Ten per cent never get an erection at all.’
When it comes to men who’ve suffered heart attacks, Dr Wright adds: ‘When asked if they’ve had erectile dysfunction, on average it starts two to five years before their first angina or heart attack.
‘Loss of morning erections can be the “canary in the coal mine” – the first marker.’ Let’s be blunt: Can a lack of sex hasten ‘vaginal atrophy’ post-menopause?

Yes, as it can contribute to a faster decline in vaginal elasticity.

For post-menopausal women, whether you want to have sex or not, vaginal oestrogen is your friend, as it helps to keep the tissues healthy.

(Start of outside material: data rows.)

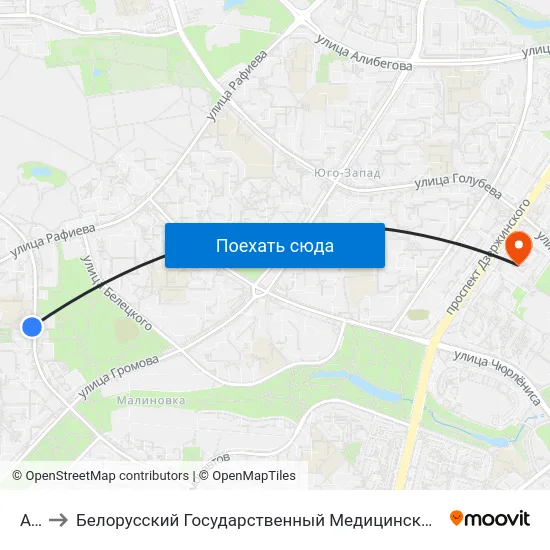 Атс to Белорусский Государственный Медицинский Университет map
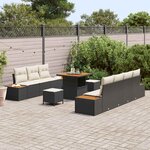 vidaXL Ensemble de canapé de jardin 10 Pièces Noir Poly rotin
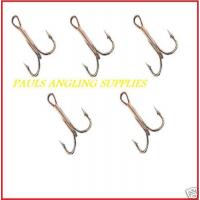 5 Fishing Treble Hooks Bronzed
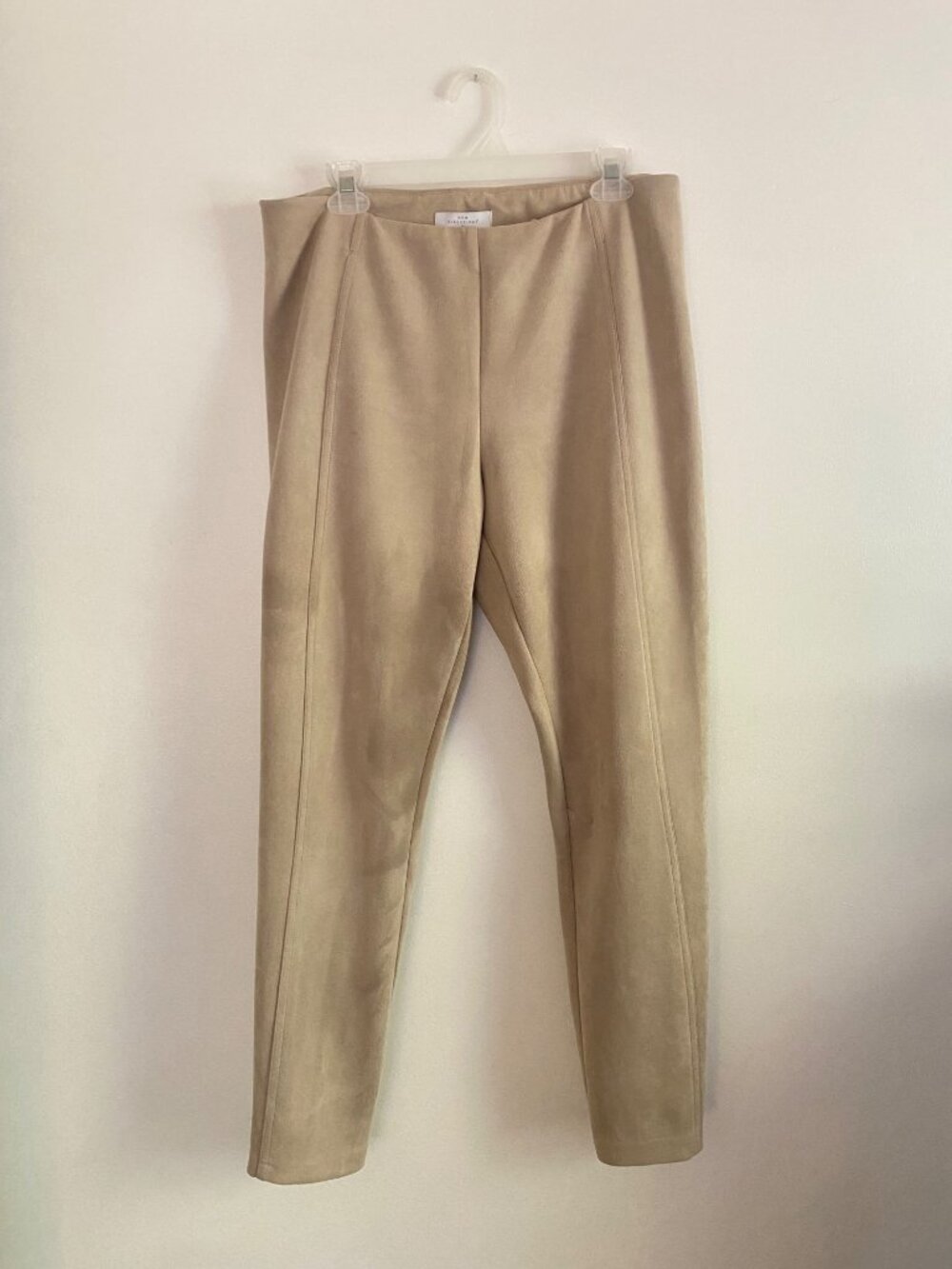 New Directions Faux Suede Beige Skinny Stretch Pants Size L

As Dr Wright says: ‘If you get aroused on a regular basis, if you can accommodate the diameter of the penis or the toy, then the tissues are effectively getting stretched and massaged.’ Dr Wright adds: ‘There is some truth that if you get the blood flowing, and there’s movement and massage in the area, it helps the tissues stay in better condition.’ But, Dr Wright loathes the phrase ‘use it or lose it’ and stresses there’s zero benefit if sex is joyless or painful. ‘It sets up cycles of muscle tension, making it really difficult to experience pleasure because you’re anxious.’ For post-menopausal women, whether you want to have sex or not, vaginal oestrogen is your friend, as it helps to keep the tissues healthy.

Dr Begeti says: ‘Some people report it’s easier to fall asleep after sex which may be due to the release of hormones like prolactin, which promote relaxation.’